Per una che ne ha viste tante trovandosi in dozzine di luoghi di lavoro diversi, vivendo per svariati lustri gioie e dolori lavorativi, non c'è niente di meglio che una bella serie Apple TV sul dramma del work balance, vale a dire quel valore cui le nuove generazioni di boss sembrano tenere tanto: l'equilibrio tra lavoro e vita personale. L'equilibrio ma anche la necessità (o dannazione) di dover separare le due cose a costo di sentirsi costantemente inadeguati sia come impiegati sia come individui (vi è mai capitato di perdere un evento cruciale della vita di uno dei vostri figli per colpa di una riunione in presenza di un'ora nella quale ci ripetevano pari pari le stesse cose già espresse in una e-mail? ecco, allora capite ciò che intendo). Ma se VOLERE È POTERE, volere e basta senza fare scelte concrete, lascia il tempo che trova, cari manager dei nostri giorni...

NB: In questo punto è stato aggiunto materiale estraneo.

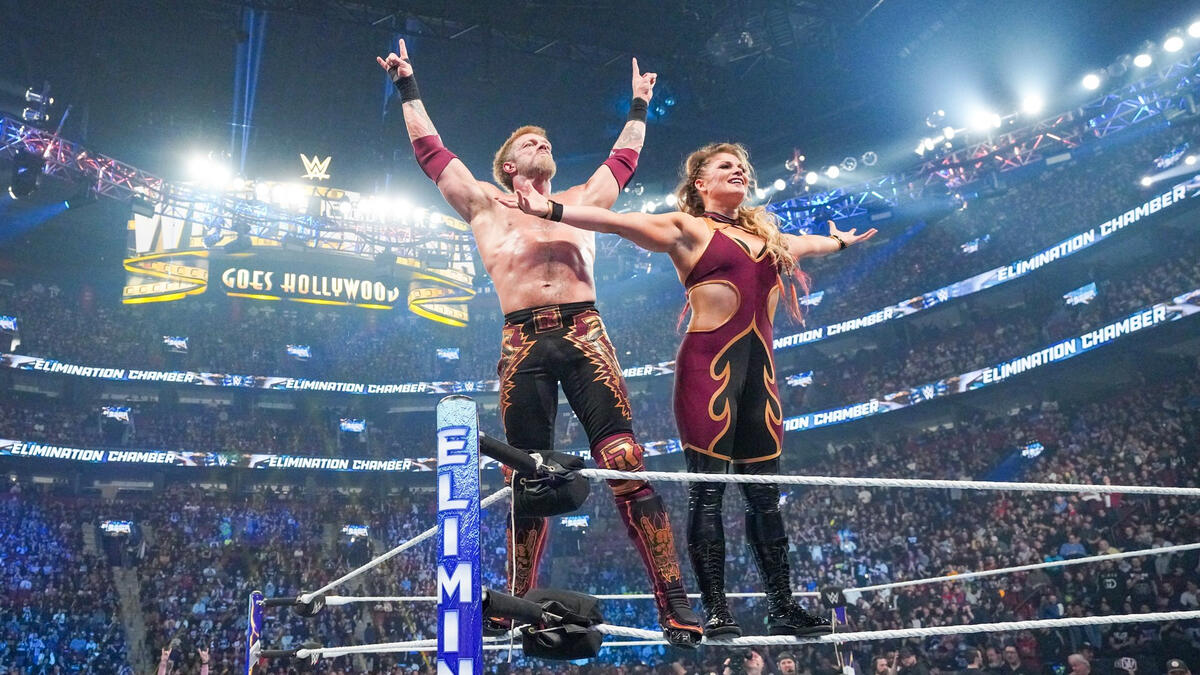 Beth Phoenix confirms she’s no longer under WWE contract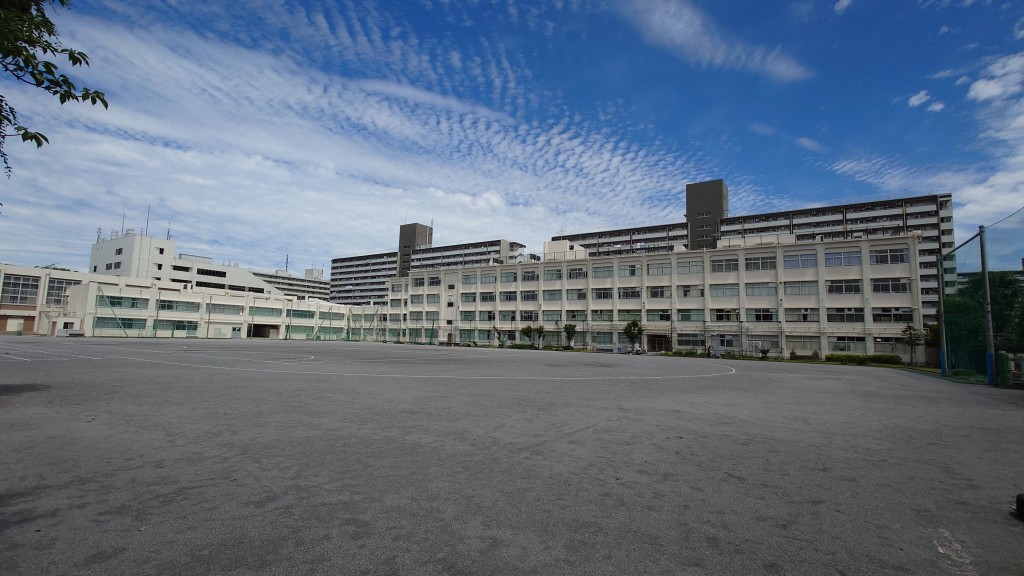 R070604 校舎全景.JPG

Concluso il pistolotto sullo stress da lavoro, vengo al dunque: SEVERANCE (pronuncia: sèvrans) è una serie stupenda, al punto che vorresti possedere un acceleratore di particelle solo per proiettarti di colpo nel 2024 e vedere la seconda stagione. Di sicuro ho sbagliato qualcosa, l'acceleratore non c'entra nulla, lo so, ma al liceo mi rimandavano sempre in fisica e matematica perché mi nascondevo in cantina a leggere "Il giovane Holden", quindi che volete da me, lasciatemi vivere di fantascienza e morire in pace.

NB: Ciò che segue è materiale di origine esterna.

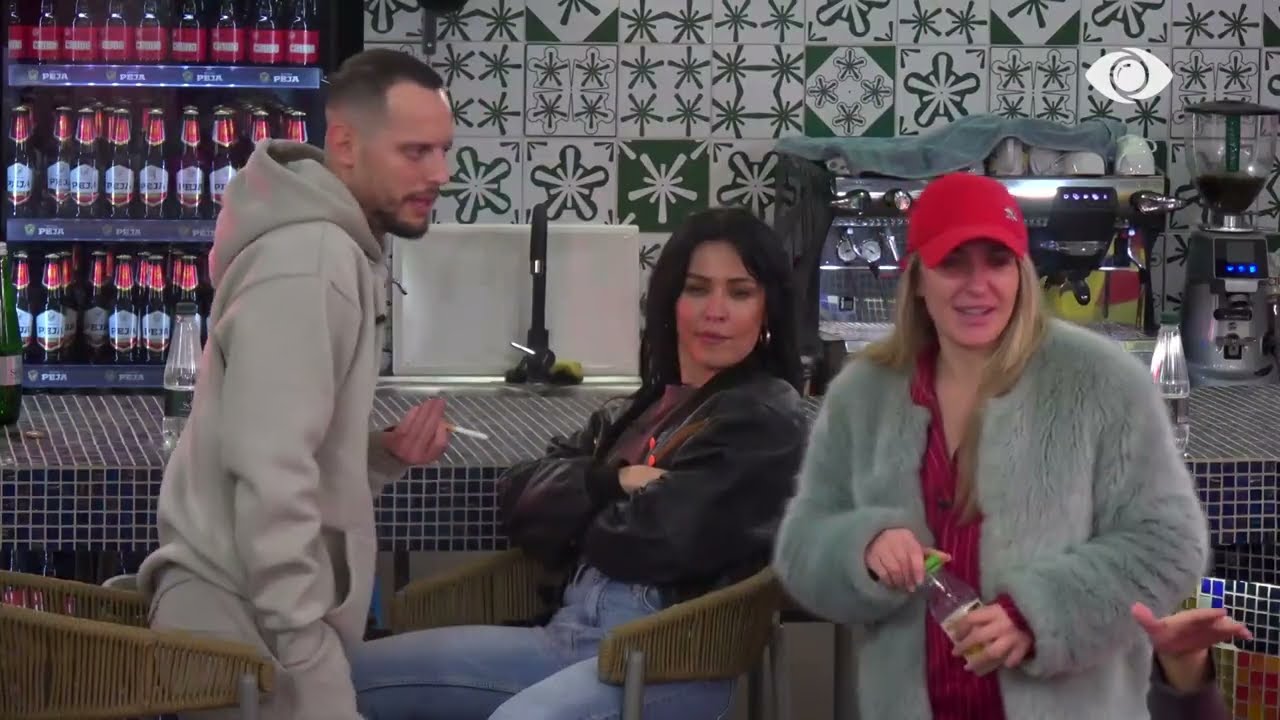 “Nuk të quajta arrogante, e paedukatë”/ Graciano-Vesës: Ti çfarë s’më the, më konsiderove armik…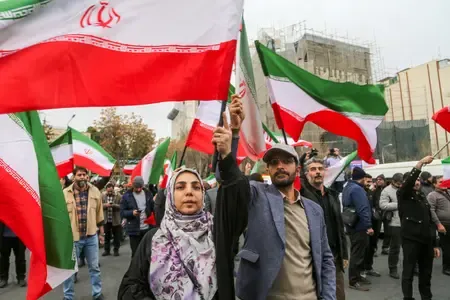 ईरान में मानवीय सहायता के लिए डिजिटल दान में तकनीकी बाधाएं, भारत में कैश डोनेशन का आग्रह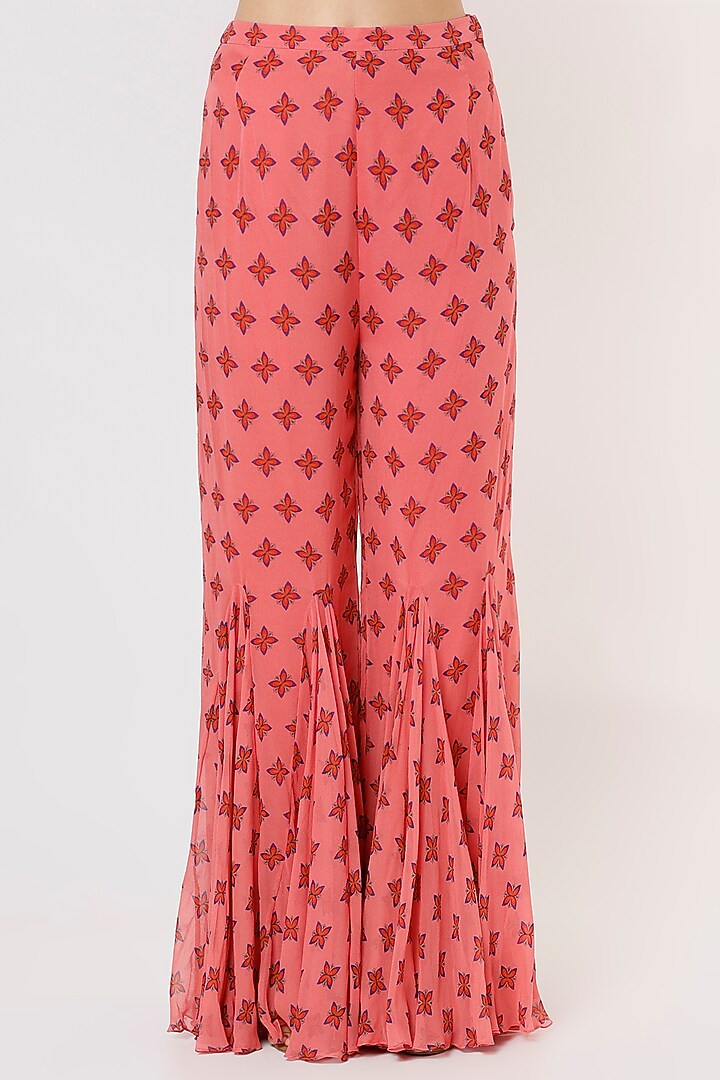 Pink Printed Pant Set With Potli Bag by DiyaRajvvir at Pernia's Pop Up Shop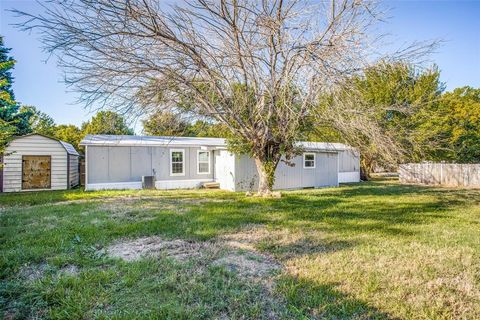 A home in Farmersville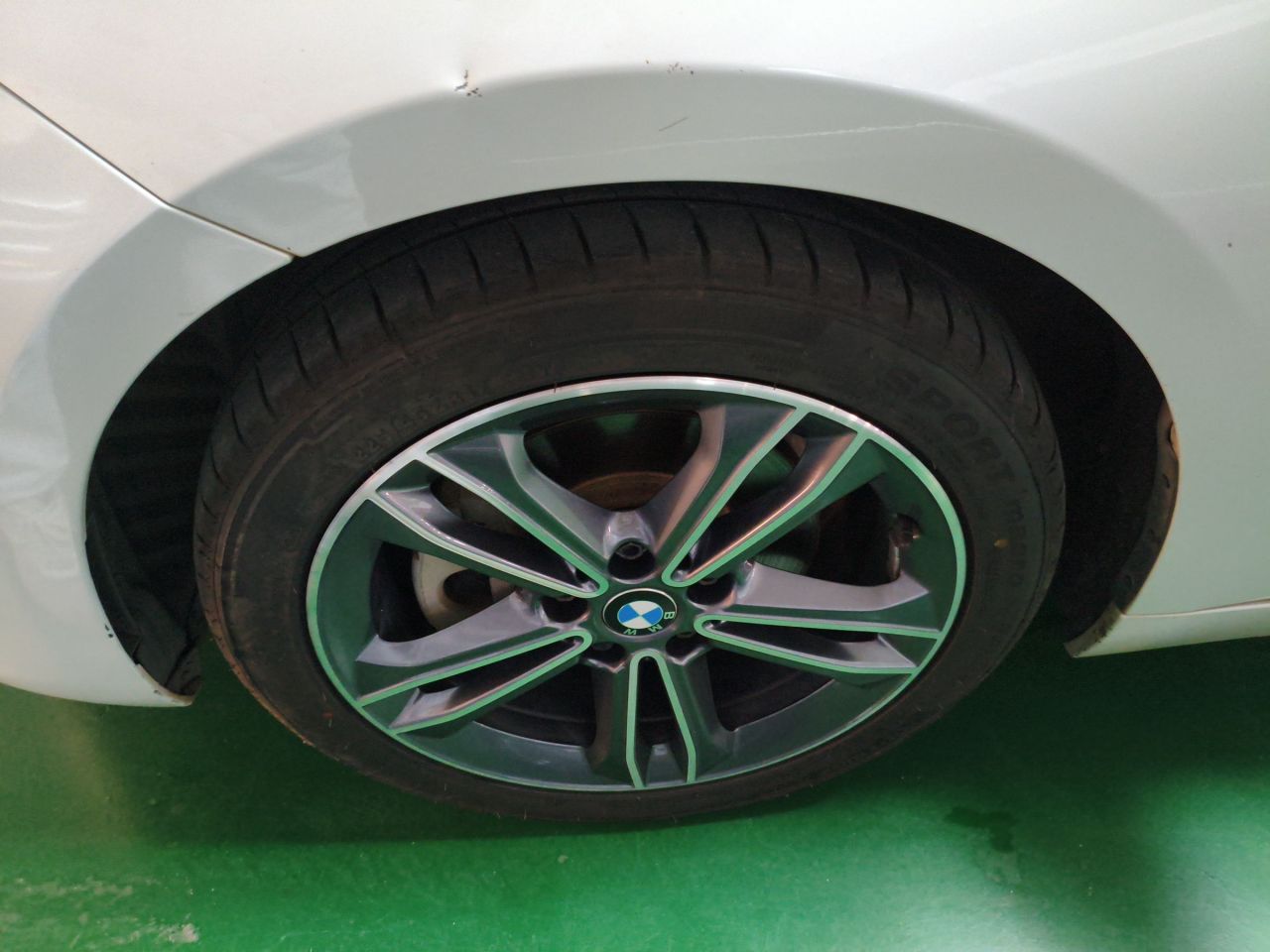 1 Series 2017 118i Sport photo 2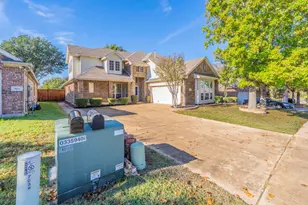 7042 Hedgebrook Dr, Dallas, TX 75249 - Photo 33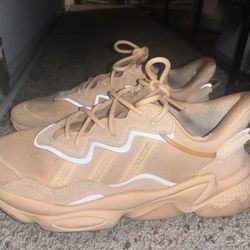 Adidas 8.5 Woman 7 Men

Che dire del cast: Adam Scott al top che più adatto di così non si poteva, e tutti gli altri attori uno più bravo dell'altro. Il produttore/regista Ben Stiller, che già di sdoppiamenti lavorativi si era occupato assai bene in THE SECRET LIFE OF WALTER MITTY (2013, remake di un film del 1947) con toni meno apocalittici, produce qui un piccolo capolavoro. L'alta drammaticità della storia si stempera in alcuni momenti lievi e grotteschi stile THE OFFICE, ma la tensione è forte e alla fine di ogni episodio non siamo più noi stessi, la severance ha funzionato anche sul pubblico della serie che ne esce trasformato e si gratta la testa pensando di essere stato forse microchippato a sua insaputa come il gatto acciambellato accanto a lui sul divano.